The Money Men by Chris Bowen

The Money Men by Chris Bowen

Author:Chris Bowen [Bowen, Chris]
Language: eng
Format: epub
ISBN: 9780522866612
Publisher: Melbourne University Publishing
Published: 0101-01-01T00:00:00+00:00


The 1975 Budget

Hayden became federal treasurer on 6 June 1975. He had to deliver his Budget on 19 August. Hayden’s staff recall him working in the office until midnight each night and returning early each morning with the paperwork he had taken home fully completed.14 Every treasurer is used to extremely long hours, but for Hayden, the size and urgency of the tasks at hand were particularly acute.

His most important job was to reduce the size of the deficit. Hayden was briefed on coming into office that the projected budget deficit was $4.8 billion. The new treasurer quickly communicated his preferred level of deficit, $1 billion to $1.5 billion, to Sir Frederick Wheeler, the secretary of the Treasury. Wheeler expressed misgivings that this would be too dramatic a turnaround in the public finances to realistically achieve, and that it would have too contractionary an impact, recommending instead a target of $2 billion to $2.5 billion.15 Hayden accepted this advice and informed the Cabinet of the new target. He also told them that ‘the days of imaginative big spenders were over,’16 and warned that the deficit was heading towards an amount that would cause ‘pervasive psychological shock’.17 Hayden said:

Our desire for social and economic reform through redistribution will be discredited for a decade or more. Our record as a Government will be jeered and our capacity to manage the basic affairs of the country ridiculed. If we don’t courageously and responsibly handle the present economic problems successfully, we will be seen to have wasted our chance to fulfil those promises we held out and talked about so articulately for so long.18

Hayden had briefed Whitlam prior to the Cabinet meeting, telling the prime minister that he would resign if the deficit target was not achieved. He was determined not to be a lame-duck treasurer.

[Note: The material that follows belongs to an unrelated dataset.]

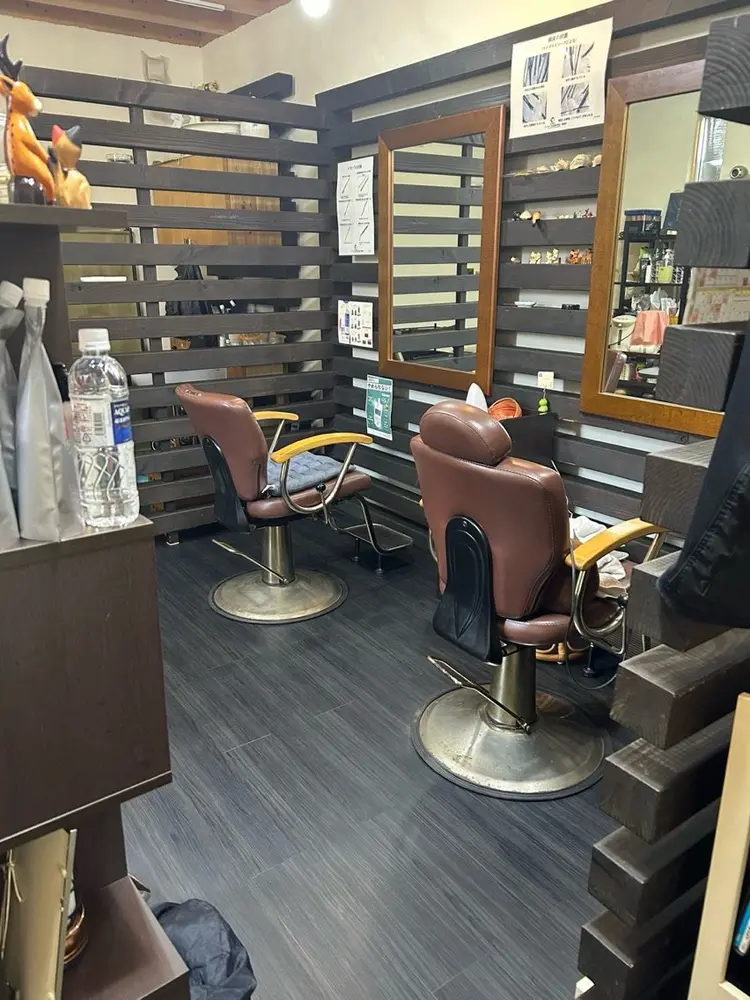 ヘア&リラクゼーションNEUTRALの内観・外観1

In order to bring the necessary rigour to the budget process, once the deficit target was spent, Hayden convened the first Expenditure Review Committee (ERC) of the Cabinet for ministers not only to put forward spending proposals for scrutiny, but also, more relevantly, to present the case as to why their portfolios should not be subject to cuts. To give Whitlam due credit, the ERC process had been established by the prime minister while Cairns was still treasurer in order to lend more discipline to government decisions over spending. Hayden was the first treasurer to use the process to construct a Budget, and it has been used by every treasurer since.

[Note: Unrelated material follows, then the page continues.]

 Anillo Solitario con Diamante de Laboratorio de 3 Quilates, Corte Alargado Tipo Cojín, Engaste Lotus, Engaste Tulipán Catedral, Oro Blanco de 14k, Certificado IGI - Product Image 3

The Cabinet members all agreed on the proposed deficit target, but many argued their own portfolio was too important to make a contribution to the savings task. Hayden formed the view that he needed to win a big, early battle on spending to signal his seriousness and establish his authority, sending a clear message that no-one was immune from the need for savings. So he decided to take on one of the biggest names of the Whitlam government. Kim Beazley Senior was a veteran of Labor’s years in opposition, and had won John Curtin’s seat of Fremantle on his death in 1945.